Issue 3066: FD leak in urllib2 (original) (raw)

Created on 2008-06-09 11:02 by bohdan, last changed 2022-04-11 14:56 by admin. This issue is now closed.

Files
File name Uploaded Description Edit
unnamed bohdan,2008-06-12 19:40
Messages (7)
msg67860 - (view) Author: Bohdan Vlasyuk (bohdan) Date: 2008-06-09 11:02
In urllib2.AbstractHTTPHandler.do_open, the following like creates a circular link: r.recv = r.read [r.read is a bound method, so it contains a reference to 'r'. Therefore, r now refers to itself.] If the GC is disabled or doesn't run often, this creates a FD leak. How to reproduce: import gc import urllib2 u = urllib2.urlopen("http://google.com") s = [ u.fp._sock.fp._sock ] u.close() del u print gc.get_referrers(s[0]) [<socket._fileobject object at 0xf7d42c34>, [<socket object, fd=4, family=2, type=1, protocol=6>]] I would expect that only one reference to the socket would exist (the "s" list itself). I can reproduce with 2.4; the problems seems to still exist in SVN HEAD.
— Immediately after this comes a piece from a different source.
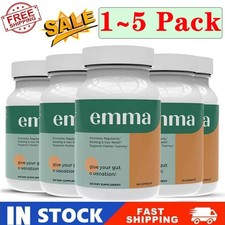EMMA Supplement for Gut Health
msg67998 - (view) Author: Sharmila Sivakumar (sharmila) Date: 2008-06-11 17:13
Since the socket object is added to a list, a reference to the object always exists right? That would mean that it would not be garbage collected as long as the reference exists. On the other hand, it should also be noted that in close method, the socket is not explicitly closed and for a single urlopen, atleast 3 sockets are opened.
msg68074 - (view) Author: Bohdan Vlasyuk (bohdan) Date: 2008-06-12 19:40
The list is not the problem. The problem is the other reference, from "<socket._fileobject object at 0xf7d42c34>". Also note that the workaround (u.fp.recv = None) removes the second reference. This is fine (at least in CPython), because the socket is destroyed when the refcount reaches zero, thus calling the finalizer.
msg72147 - (view) Author: James Antill (nevyn) Date: 2008-08-29 18:28
So if I add a: class _WrapForRecv: def __init__(self, obj): self.__obj = obj def __getattr__(self, name): if name == "recv": name = "read" return getattr(self.__obj, name) ...and then change: r.recv = r.read ...into: r = _WrapForRecv(r) ...it stops the leak, and afaics nothing bad happens.
msg81787 - (view) Author: Daniel Diniz (ajaksu2) * (Python triager) Date: 2009-02-12 17:50
Has (non-unittest) test and proposed (non-diff) patch inline.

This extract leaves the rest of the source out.